I simply want to pass an &arr in C language.

For example:

#include <stdio.h>

void test( PARAMETER??? )
{
    return;
}

int main()
{
    int arr[] = {1,2,3,4,5,6,7,8};
    test(&arr);
    return 0;
}

How should I declare the parameter?

As it is of type int (*)[8]

I simply want to pass &arr in C language. I know I can pass arr and length argument, but how can I via this?

CodePudding user response：

As it is of type int (*)[8]

If you want to pass &arr, then that is exactly the type you need to declare the parameter as, eg:

void test(int (*param)[8])
{
    // use param as needed...
}

CodePudding user response：

you can pass array in function with array size. but you need to use sizeof() to calculate the size of array

#include <stdio.h>

void test( int arr[], size_t size_of_array )
{
    return 0;
}

int main()
{
    int arr[] = {1,2,3,4,5,6,7,8};
    size_t size_of_array = sizeof(arr)/sizeof(arr[0]);  /* calculate of array size */
    test(arr, size_of_array );
    return 0;
}

CodePudding user response：

You can pass it directly (not an address) to a function like

void test(int prm[restrict 8]);

It will not allow to pass int arr[7], and will allow to pass int arr[9], but you will not know the array size, all what you know, it has the size at least 8.

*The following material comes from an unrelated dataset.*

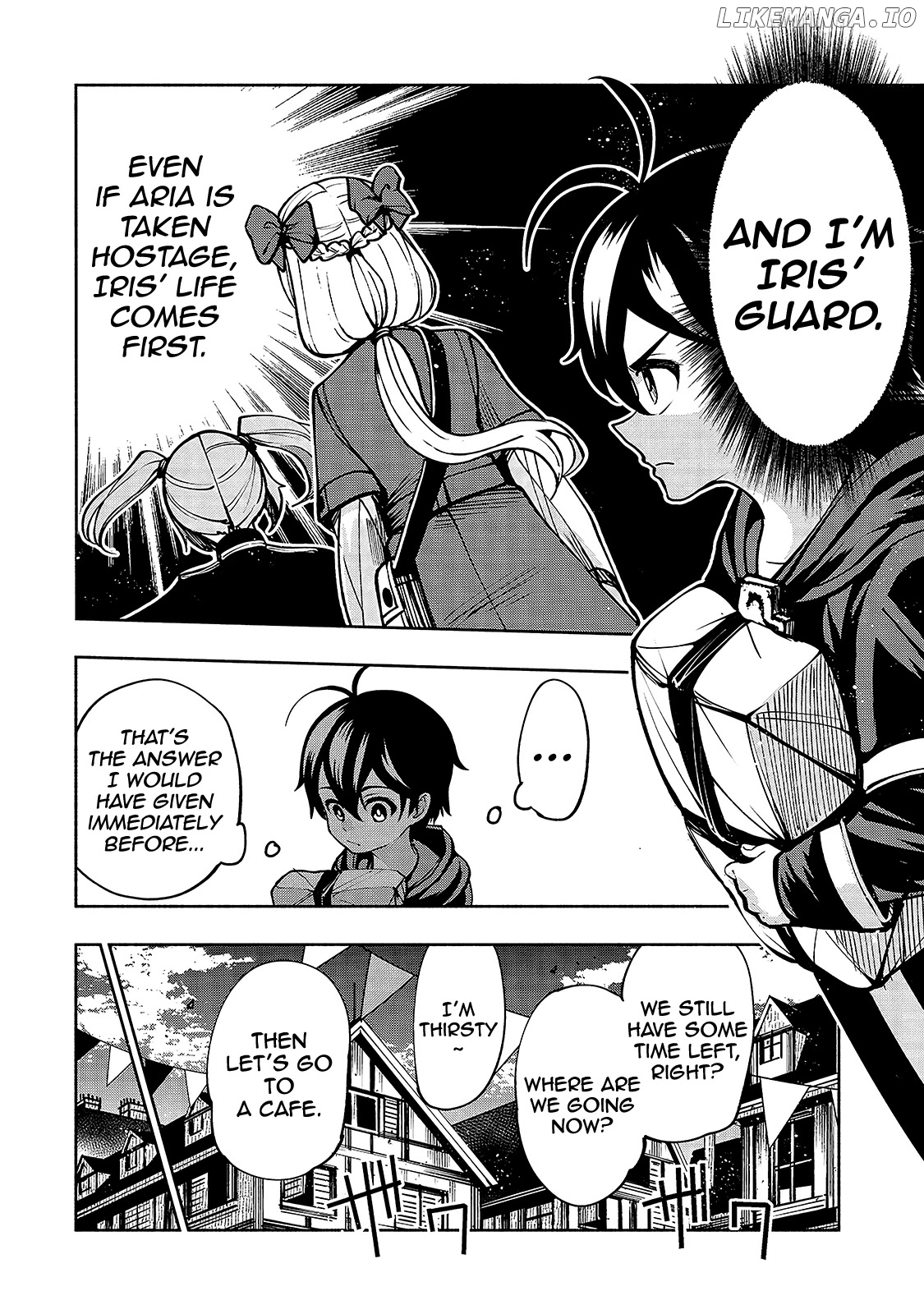 The Reincarnated 「Sword Saint」 Wants to Take it Easy chapter 13 - page 9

CodePudding user response：

You can't pass an array as an argument.

You can pass a pointer to its first element:

#include <stdio.h>

void test( size_t n, int *p ) {       // `p` is a pointer an `int`.
   printf( "%zu\n", sizeof(p) );      // `sizeof( int* )`, 8 for me.
   printf( "%zu\n", sizeof(*p) );     // `sizeof( int )`, 4 for me.
   printf( "%d\n", p[0] );            // 1
   printf( "%d\n", p[1] );            // 2
}

int main( void ) {
   int arr[] = {1,2,3,4,5,6,7,8,9,10,11};
   test( sizeof(arr)/sizeof(*arr), arr );
}

Same thing in disguise:

#include <stdio.h>

void test( size_t n, int p[n] ) {     // `p` is a pointer an `int`.
   printf( "%zu\n", sizeof(p) );      // `sizeof( int* )`, 8 for me.
   printf( "%zu\n", sizeof(*p) );     // `sizeof( int )`, 4 for me.
   printf( "%d\n", p[0] );            // 1
   printf( "%d\n", p[1] );            // 2
}

int main( void ) {
   int arr[] = {1,2,3,4,5,6,7,8,9,10,11};
   test( sizeof(arr)/sizeof(*arr), arr );
}

Finally, you could pass a pointer to the array:

#include <stdio.h>

void test( size_t n, int (*p)[n] ) {  // `p` is a pointer to an `int[11]`
   printf( "%zu\n", sizeof(p) );      // `sizeof( int* )`, 8 for me.
   printf( "%zu\n", sizeof(*p) );     // `sizeof( int[11] )`, 44 for me.
   printf( "%d\n", (*p)[0] );         // 1
   printf( "%d\n", (*p)[1] );         // 2
}

int main( void ) {
   int arr[] = {1,2,3,4,5,6,7,8,9,10,11};
   test( sizeof(arr)/sizeof(*arr), &arr );
}

In any case, you will need the pass the size of the array if you need it, because it's not stored anywhere in the array itself.